Wales fans on sacrifice to 'live the Euros dream'

Image caption Mathew John Hughes has put his van up for sale in a bid to follow the national team's championship journey

When Wales began its Euro 2016 campaign, thousands of enthusiastic fans had cleared their diaries and planned family holidays around the tournament's early fixtures, expecting just a two-week sojourn in France.

But as the history-making side enters its fourth week in the competition, die-hard supporters are going to extraordinary lengths to continue living the dream alongside their heroes.

There are reports of fans losing their jobs because of their determination to remain in France for the duration, while one man from Dinas Powys, Vale of Glamorgan, persuaded his American boss to let him stay in France after a Facebook campaign garnered 1,000 likes.

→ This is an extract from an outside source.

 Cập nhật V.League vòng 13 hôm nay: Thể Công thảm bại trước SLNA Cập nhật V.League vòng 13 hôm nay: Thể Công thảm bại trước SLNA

Wednesday's semi-final against Portugal is a game nobody wants to miss, not least Mathew John Hughes from Porthmadog, Gwynedd.

The Royal Mail engineer has put his only means of transport up for sale in a bid to follow the national team's championship journey to its conclusion.

He is hoping to sell his van for £1,800, despite already having already spent £2,500 on match tickets, travel and accommodation.

He said: "I think it's one of those moments you are going to savour forever.

"The memories of this trip will last a lifetime so it has been pretty good. I'm still buzzing."

Image caption Dion Morgan says his friend was happy to live in debt for the next few months just to "live the dream"

Dion Morgan from Porthmadog lives in Melbourne where he works in Australian mining.

He is spending £2,600 to get to the semi-final in Lyon and has promised his partner he will "do the ironing for life" to make up for it.

Ywain Gwynedd from Bethel, near Caernarfon, is raiding his savings account to make the return journey to France after already splashing out on an expensive two-week family holiday in Bordeaux at the start of the tournament.

He said: "Personally I'm okay, I've got savings that will cover me for the trip but my mate is happy to live in debt for the next few months just to live the dream."

Image caption Ywain Gwynedd has raided his savings account to make the return journey to France

Unfortunately some fans have fallen foul of online scams.

Scott Richardson's girlfriends paid £600 for tickets to the game on social media which never materialised and they are now running an online campaign to recover the money.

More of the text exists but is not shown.